The  “BP oil spill” in the Gulf of Mexico  is revealing the unsteady ground the country walks on, and people are feeling this more keenly now than ever before–more so because unlike the Haiti earthquake or the Indian Ocean tsunami, the oil spill is a man-made disaster.

Reverend Chuck Freeman in the Huffington Post feels an inner divide.  The pastor within mourns the loss to environment, lives and livelihood.  His prophetic side is frustrated that the country lives out of harmony with God.

Referring to Jeremiah in the Bible, Freeman notes that the oil spill is viewed as the largest in U.S. history.

He is appalled with himself as he wrestles with a callous urge, wondering if the harm is large enough for people to wake up to human limitations.

Will they, in the end, feel “rescued” by the human technology that caused the spill?  Will they become complacent afterwards, believing human genius can save mankind from any calculated failure?

Still photo from US government live feed of Deepwater Horizon oil spill in cooperation with BP. Taken May 11 2010.

Freeman wonders, too, if he can afford to think this way because he lives safely in Texas.

On the other hand Russell D. Moore, dean of the School of Theology at The Southern Baptist Theological Seminary feels the crisis keenly because it lies right at his doorstep in Biloxi, La.

In his blog, Moore to the Point, he says the oil spill exceeds Hurricane Katrina in that it makes him wonder if his children’s children will ever know what Biloxi was like.

The spill, he says, has endangered everything “from seafood to tourism, crabs and seagulls.”

It has also threatened national security because of the great dependence of the country on the ecosystems of the Gulf of Mexico, which some have called Katrina meets Chernobyl.

Religion Link rues how the country depends so much on fuel and values consumption over conservation.  It raises the theological necessity to teach about creation care and of the apocalypse.

The spill occurred due to an explosion one mile below the ocean surface on April 20, and has been pouring up to 19,000 barrels (800,000 gallons) a day into the waters, killing 11 men and leaving idle thousands of fishermen, shrimpers and other seafood workers, as well as causing harm to the tourism industry, according to Reuters.

BP has sheared away the gushing well pile and lowered a cylindrical containment cap over the hole—a temporary and partial fix.  According to Reuters it will take some time before they can confirm if this works.

They are hoping that when the cap is firmly in place, they can funnel some of the escaping oil and gas into a large hose that would carry it from the bottom of the Gulf of Mexico to the surface, where ships will collect and remove it, Reuters said.

Louisiana is hardest hit, but beaches in Mississippi and Alabama have been fouled by the oil, and there is the possibility that the oil sheen may hit Florida in days.

Plus, the U.S. National Center for Atmospheric Research projects the oil slick may by early summer reach the east coast up to North Carolina, Reuters said.

Moody’s and Fitch ratings say clean up costs alone may at worst exceed $5 billion in any one year.

Moore, turning in, says “For too long, we evangelical Christians have maintained an uneasy ecological conscience.

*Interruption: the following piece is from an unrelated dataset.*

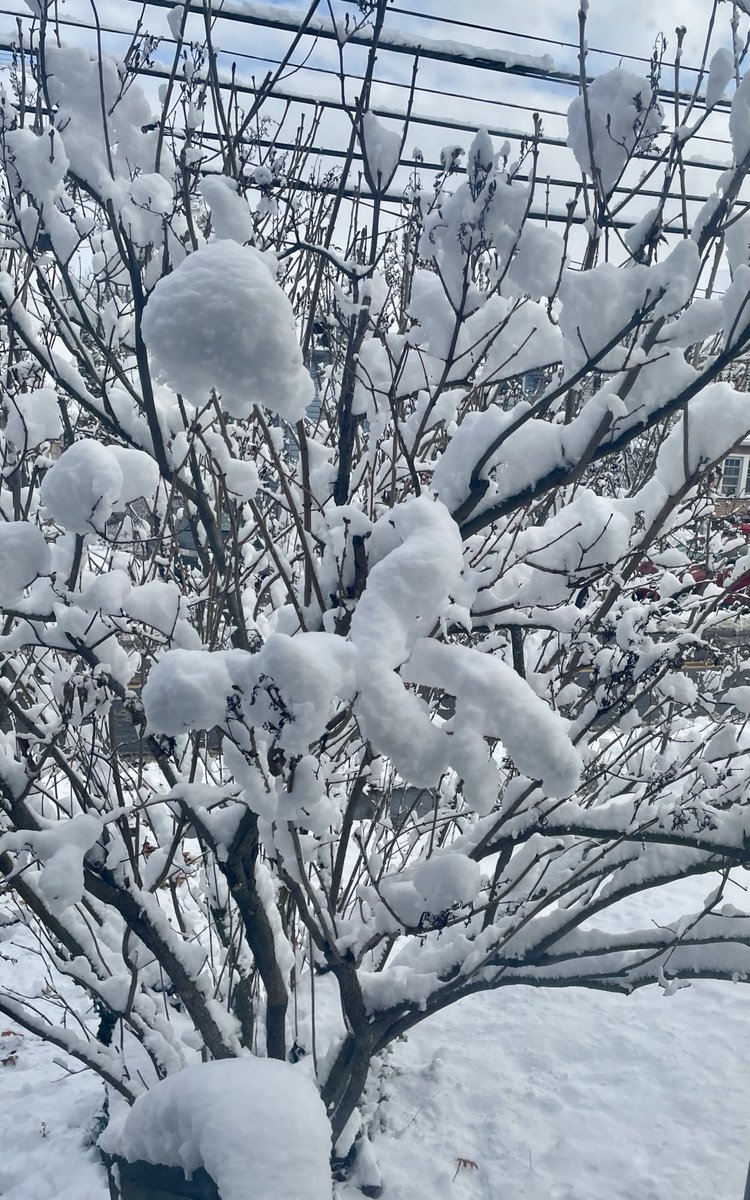 eurigmorgan's tweet image. Mais où sont les neige d’antan?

I include myself in this indictment.  We’ve had an inadequate view of human sin.”

He rues the excess belief in the free markets, to the point that they expect corporations to protect the environment.

“But a laissez-faire view of government regulation of corporations is akin to the youth minister who lets the teenage girl and boy sleep in the same sleeping bag at church camp because he ‘believes in young people,’ ”  he writes in his blog.

Freeman, looking out, notes “…the addict has to ‘hit rock bottom’ before he can muster the humility and fortitude to move toward the light.  And even George W. Bush confessed that America is addicted to oil.  Do we need to suffer full-blown ruination to be awakened to our right mind?”